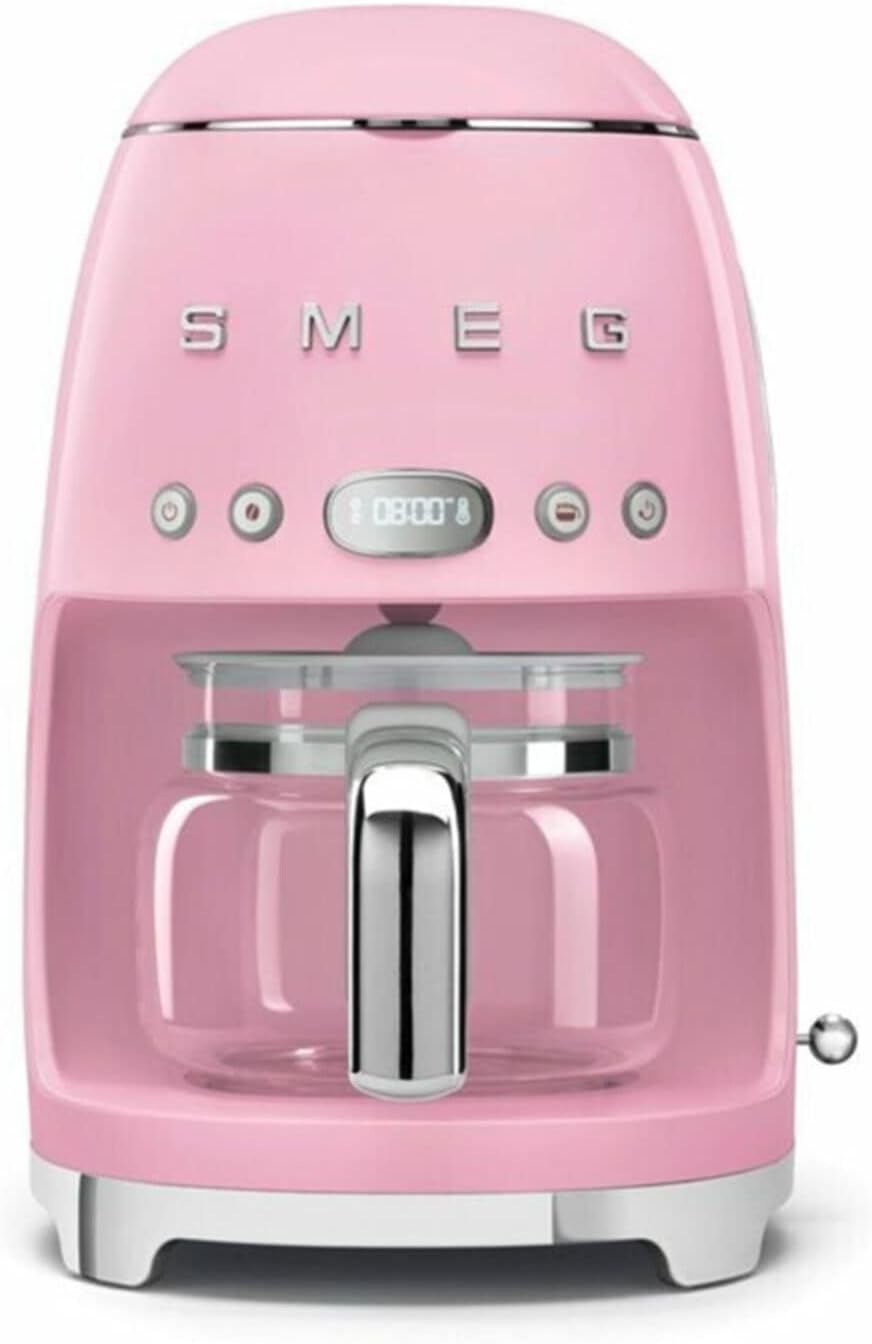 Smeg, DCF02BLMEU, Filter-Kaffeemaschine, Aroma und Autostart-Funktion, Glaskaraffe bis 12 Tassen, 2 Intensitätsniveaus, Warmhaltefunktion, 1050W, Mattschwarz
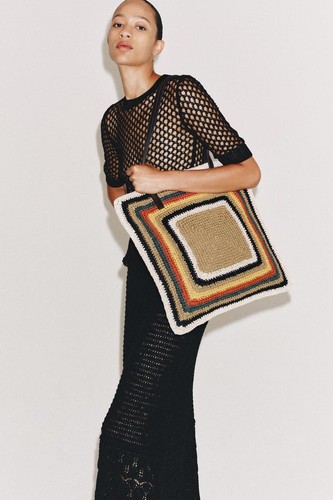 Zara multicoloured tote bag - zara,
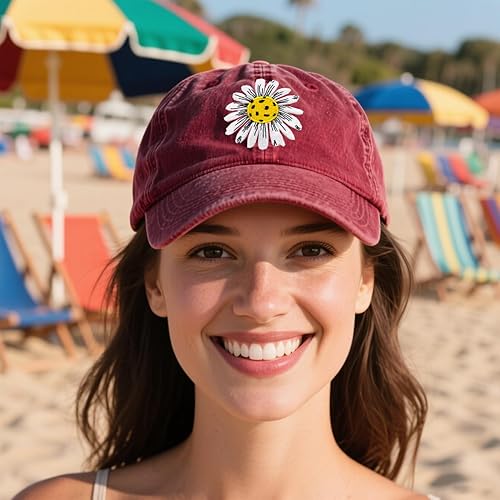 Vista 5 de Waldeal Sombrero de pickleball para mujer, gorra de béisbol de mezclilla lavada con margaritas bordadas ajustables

======

#### [GOAL OF THE EXERCISE]
With the pictures excluded, the line containing "Zara multicoloured tote" and every line after it through the end of the data above are to be transcribed exactly, and nothing more.

#### [YOUR SOLUTION]
 Zara multicoloured tote bag - zara,
 Vista 5 de Waldeal Sombrero de pickleball para mujer, gorra de béisbol de mezclilla lavada con margaritas bordadas ajustables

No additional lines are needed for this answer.